Cocaine and alcohol are frequently used simultaneously and this combination is associated with enhanced toxicity. We recently showed that active cocaine abusers have a markedly enhanced sensitivity to benzodiazepines. Because both benzodiazepines and alcohol facilitate GABAergic neurotransmission we questioned whether cocaine abusers would also have an enhanced sensitivity to alcohol that could contribute to the toxicity.
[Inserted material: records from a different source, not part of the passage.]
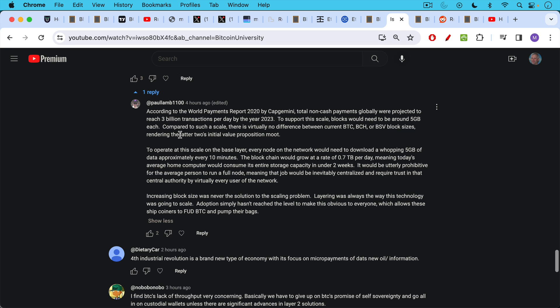To support this scale, blocks would need to be around 5 gigabytes each. Compared to such a scale, there's virtually no difference between current BTC, Bcash, or BSV block sizes, because 5 gigabytes is so large. If your blocks are one megabyte, or two, or eight, there's really no comparison. There's a different order of magnitude. Rendering the latter two's initial value proposition moot. In other words, Bcash and BSV have larger block sizes, but they're not nearly large enough to accommodate all the economic activity that would be taking place at the base layer if everything was done at the base layer.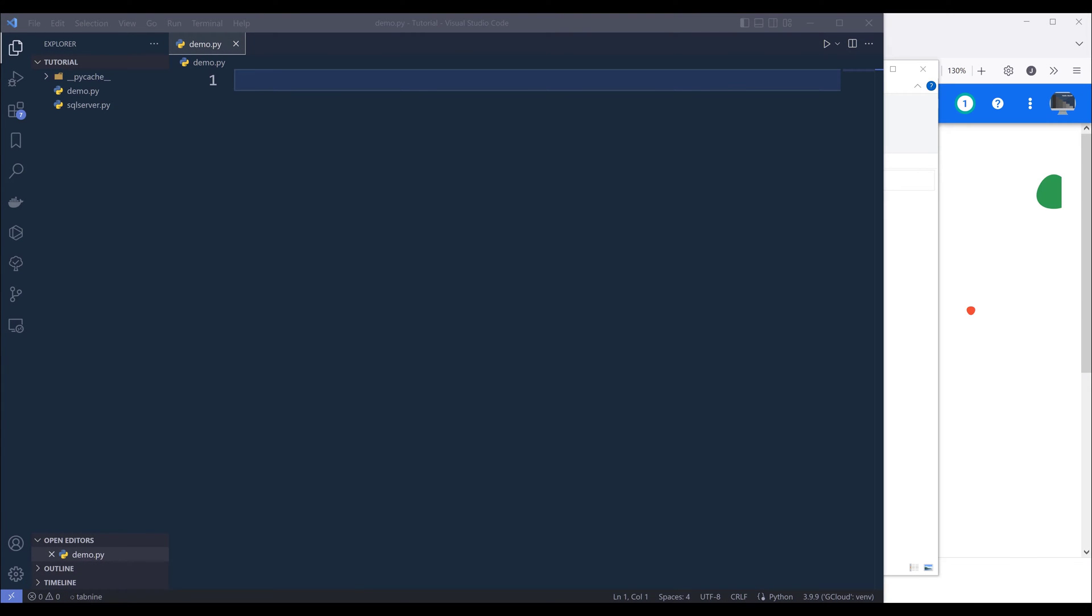Hey, how's it going guys? In this tutorial, we're going to learn how to import data from Microsoft SQL Server to Google BigQuery using Python.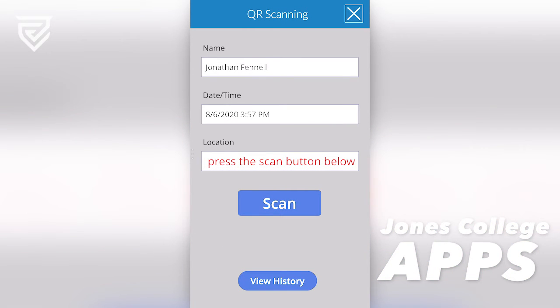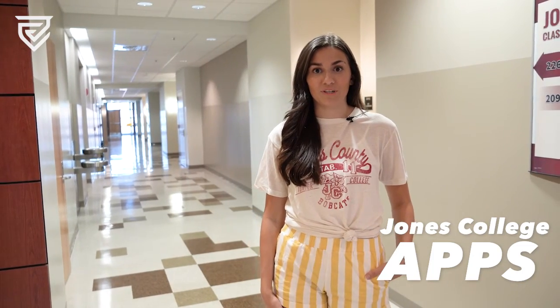Within the contact tracing feature, you will find a QR code scanner. Scan the QR code located outside of your classroom before entering. We're excited to have everyone back on campus — go Bobcats!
In this study we compared the effects of alcohol (0.75 g/kg) on regional brain glucose metabolism between cocaine abusers (n=9) and controls (n=10) using PET and FDG. Alcohol significantly decreased whole brain metabolism and this effect was greater in controls (26 ± 6%) than in abusers (17 ± 10 %) even though they had equivalent levels of alcohol in plasma. Analysis of the regional measures showed that cocaine abusers had a blunted response to alcohol in limbic regions, cingulate gyrus, medial frontal and orbitofrontal cortices. Conclusions: The blunted response to alcohol in cocaine abusers contrasts with their enhanced sensitivity to benzodiazepines suggesting that targets other than GABA-benzodiazepine receptors are involved in the blunted sensitivity to alcohol and that the toxicity from combined cocaine-alcohol use is not due to an enhanced sensitivity to alcohol in cocaine abusers. The blunted response to alcohol in limbic regions and in cortical regions connected to limbic areas could result from a decreased sensitivity of reward circuits in cocaine abusers. (C) 2000 Elsevier Science Inc.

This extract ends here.